Images excluded, return every record exactly as it reads.

Provided information Block Start

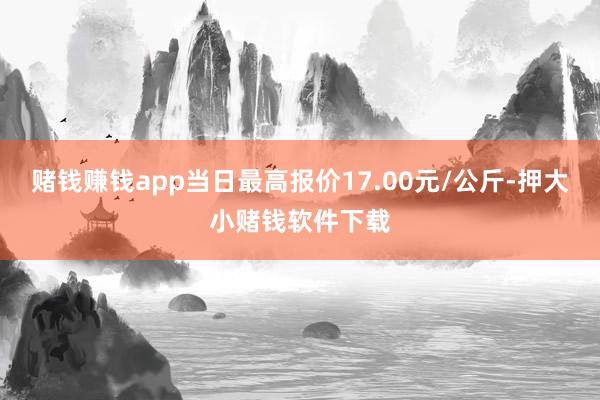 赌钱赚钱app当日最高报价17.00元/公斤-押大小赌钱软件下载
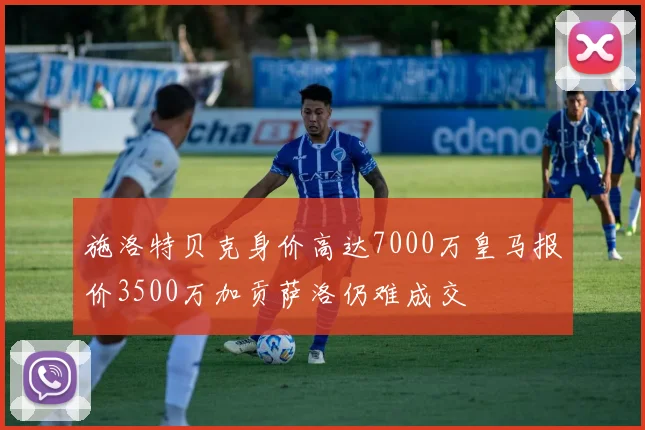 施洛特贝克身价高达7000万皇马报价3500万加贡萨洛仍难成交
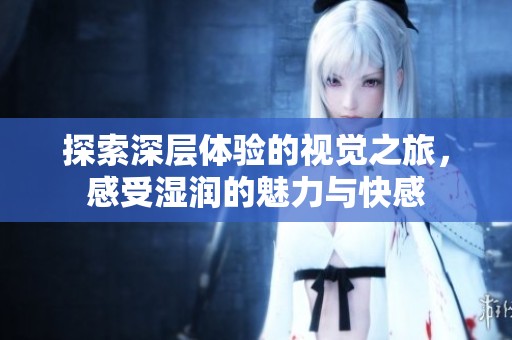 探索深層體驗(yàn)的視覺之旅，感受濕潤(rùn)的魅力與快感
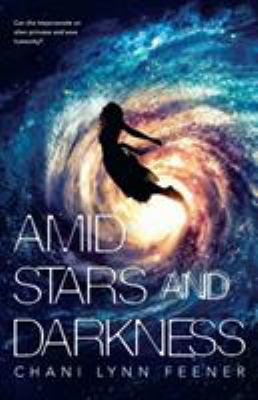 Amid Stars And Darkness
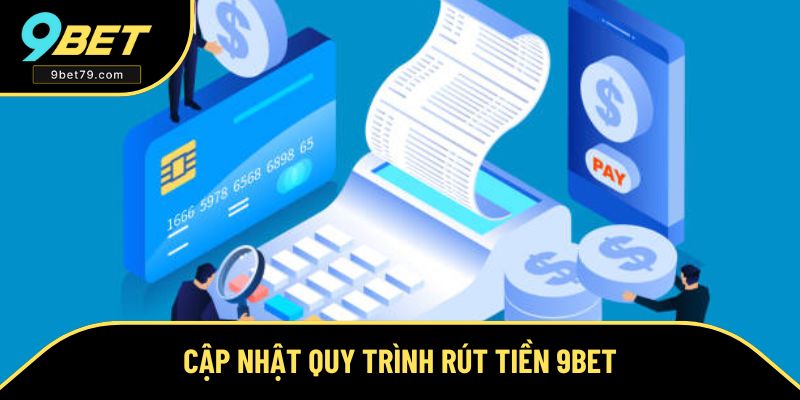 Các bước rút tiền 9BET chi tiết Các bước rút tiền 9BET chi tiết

Provided information Block End

Result of the exercise
 赌钱赚钱app当日最高报价17.00元/公斤-押大小赌钱软件下载
 施洛特贝克身价高达7000万皇马报价3500万加贡萨洛仍难成交
 探索深層體驗(yàn)的視覺之旅，感受濕潤(rùn)的魅力與快感
 Amid Stars And Darkness
 Các bước rút tiền 9BET chi tiết Các bước rút tiền 9BET chi tiết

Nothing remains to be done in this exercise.